The residential groups
are formed by a set of distinct logical criteria. Marriages
are defined on the minimum basis of birth group exogamy.
Uxorilocal residence, almost compulsory for a man's
first marriage (the Arara are generally polygynous)
is an important principle of recruitment, but one which
competes with individual options for choosing which
are always subject to variations (prestige and personal
affinities, pacts of solidarity and cooperation between
people, etc). While affinal relations form an important
element in the composition of residential groups, another
condition is the necessity for the residential groups
to behave as efficient units of co-operation: a reasonable
number of adult men, working together in the collective
tasks that the groups aim to fulfil (hunting during
the dry season, the clearing of a collective swidden,
etc.).
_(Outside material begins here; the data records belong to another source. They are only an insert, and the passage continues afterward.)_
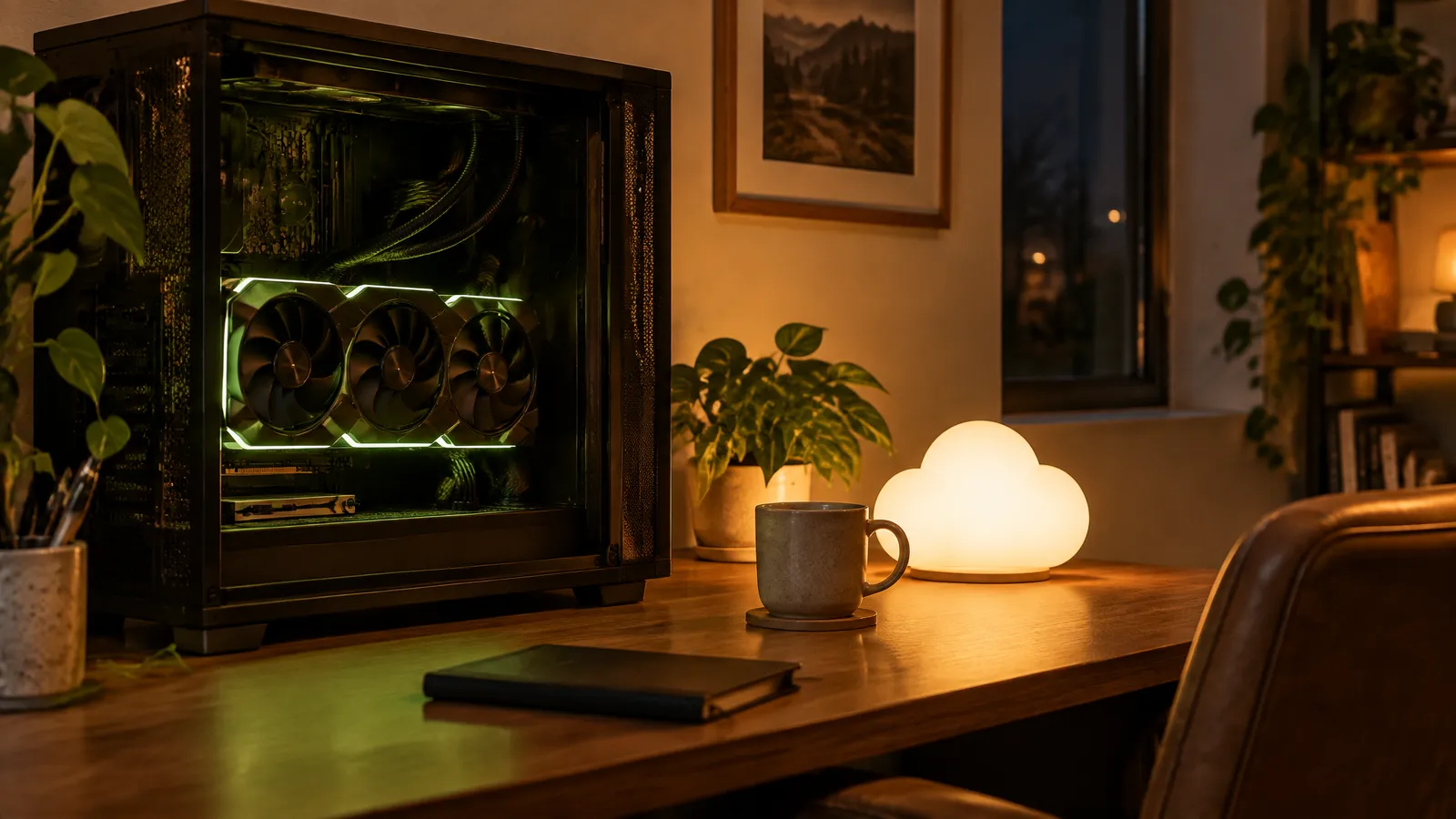A home desktop computer with a large graphics card next to a cloud-shaped lamp
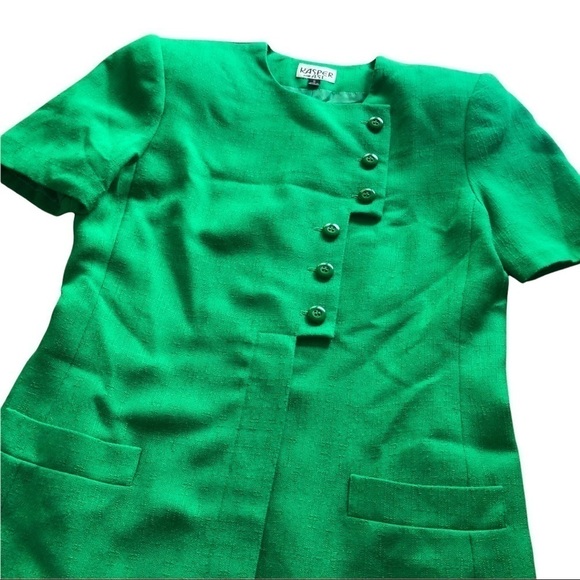 VINTAGE 80s Dress Asymmetrical Button Front Short Sleeve Power Suit Sheath Sz 8 - Picture 3 of 5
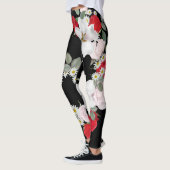 Bloemen zwarte achtergrond leggings (Links)
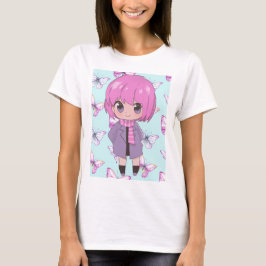 animerad flicka med blommor t shirt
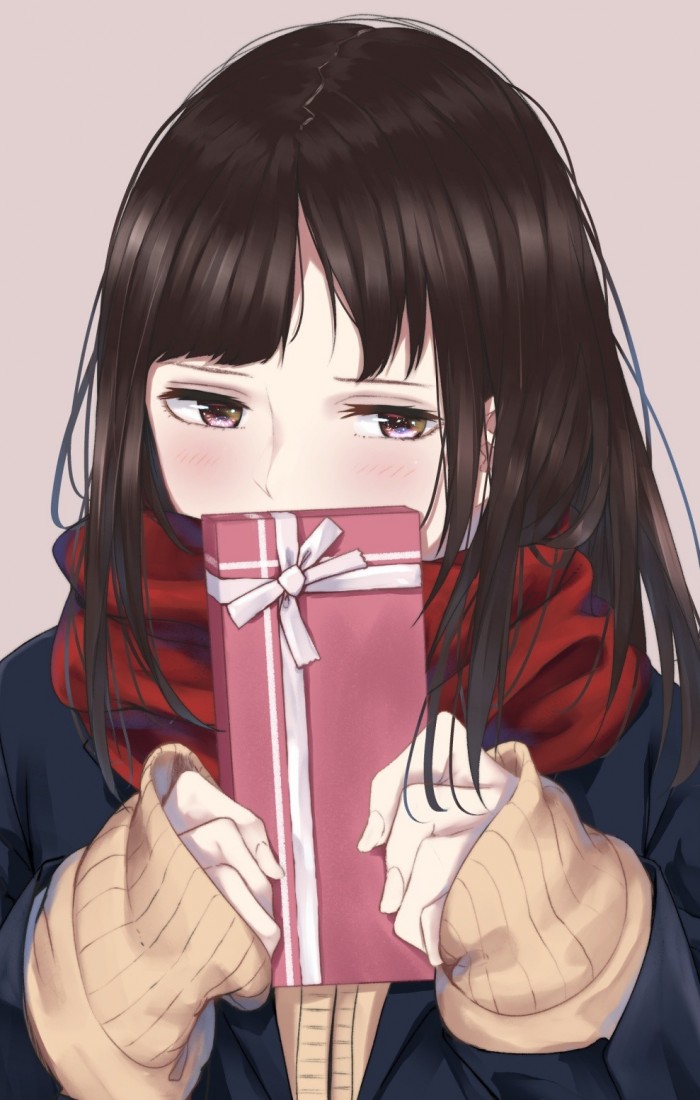Cute Anime Girl Shy Gift Box Wallpaper - Shy Expression Shy Cute Girl Anime , HD Wallpaper & Backgrounds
Affinity and the necessity for co-operation are
principles organizing the residential groups: affinity
implies a form of compulsory co-operation (a concrete
mode of bride-service to be rendered to in-laws), which
the Arara try to avoid, while the relations of consanguinity
and 'formal friendship' which the Arara recognize (hunt
partnerships and war partnerships) imply another form
of co-operation, less tense and more amicable (but which,
virtually speaking, are just as compulsory as the former).
There is a large margin of imponderability
in the reasons which determine the personal choices
that influence the mode of distribution of the population
between the various houses. In the Laranjal village,
for example, there are three recognized residential
groups, but five different houses: two of these are
inhabited by conjugal units who, for particular reasons,
have autonomous dwellings but are socially integrated
into wider residential groups.
The Arara have no specific term for
'village,' the assembly of houses within a common space.
The lack of distinction between house and village also
highlights the fact that, as in the fairly recent past,
a single house may comprise the entire settlement of
a local group; without the recognition of a 'village'
properly speaking, a space where different dwellings
are conjoined, the Arara see house and village as co-extensive.